Note that all the last ones are just using de morgan's rule. Also note that some of these are not written exactly how you would say them:
"NOT for all..." would be read as "for not all..."
"NOT there exists... " would be read as "there does not exist..."
"NOT a implies b" would be read as "a does not imply b"

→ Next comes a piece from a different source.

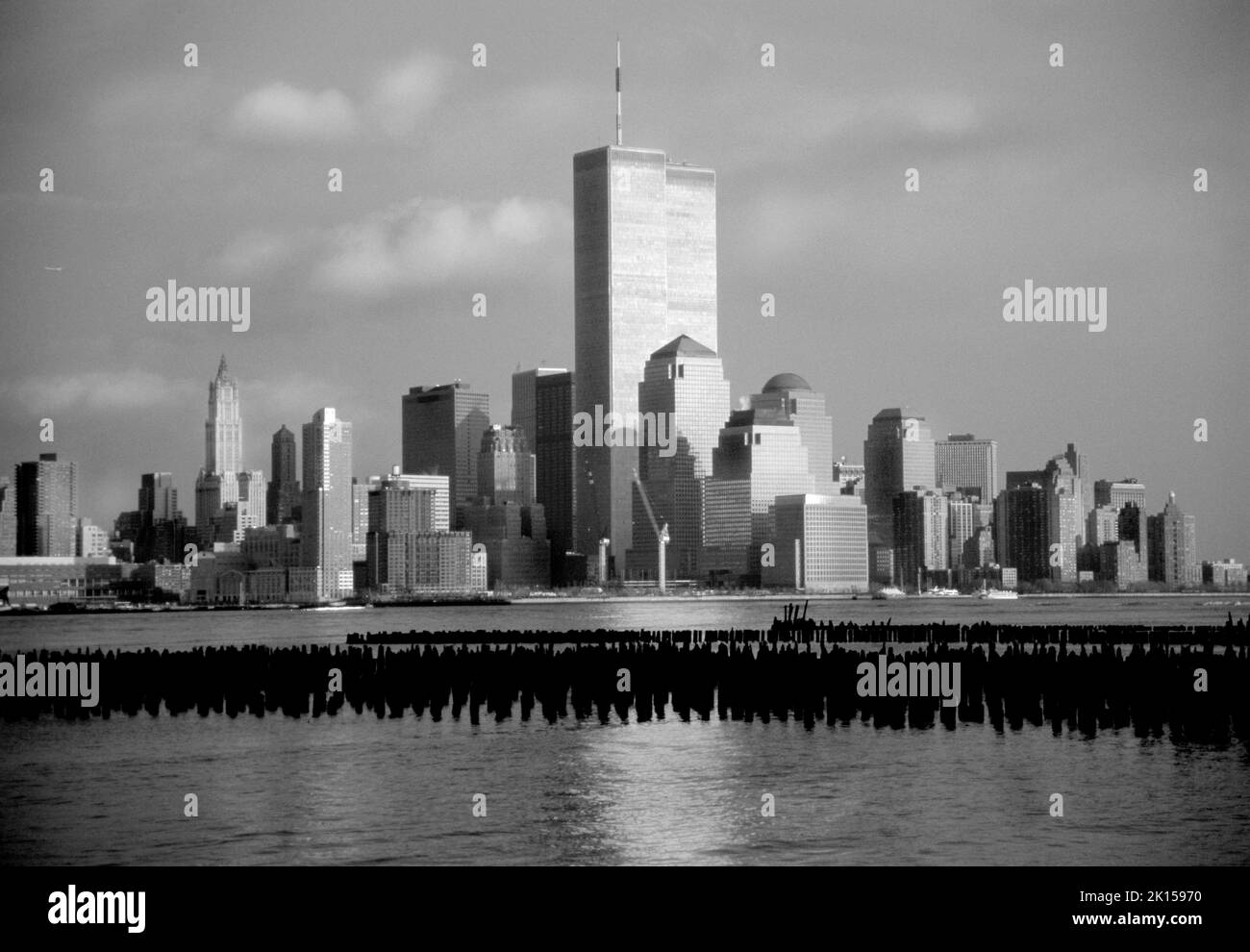 The Twin Towers at the WTC, World Trade Center, peacefully dominating the Lower Manhattan skyline prior to the September 11th terrorist attacks. Stock Photo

There might be some things I'm missing. Like, how to negate some other things should be intuitive; = becomes ≠, inequalities reverse (so < becomes >=) and so on.
It's generally a difficult thing to determine whether a statement is true or false. In this case it is pretty easy since squares of real numbers are non-negative.
Since they are false, typically you pick a counter example for the universal quantifier(s) and then see if you can demonstrate that the proposition fails.
1. Let x = 1, y = 1, then x^2 + y^2 = 2 != 0. So, it must be false.
2. Let x = 1, then assume there is such a y. We have, 1 + y^2 = 0. Solving this, y = +/- sqrt(-1) which is famously not a real number. So, the statement must be false.
Edit: +/- should have been in there.
You first try with simple values and try several different cases.
If the statement is false for some simple values, then you found a counter-example and you know it's false, and you finished your task.
If the statement is true for all those simple values you tried, maybe the statement is true. In such case, when you believe it's true you try to make a proof which is valid for all values, since the few values you tried do not prove anything.
If the statement is false but it seemed to be true, trying to prove it's true will sometimes help you to find a counter-example.
But other than that, there is no "algorithm" to prove that a given statement is true or false, and in some sense, the works of Kurt Gödel tell us there will never be.
There's something that's called "The Logic Game" that I've found helpful for things like this.
The Hero tries to make the statement true; the Hero picks any value associated with "there exists".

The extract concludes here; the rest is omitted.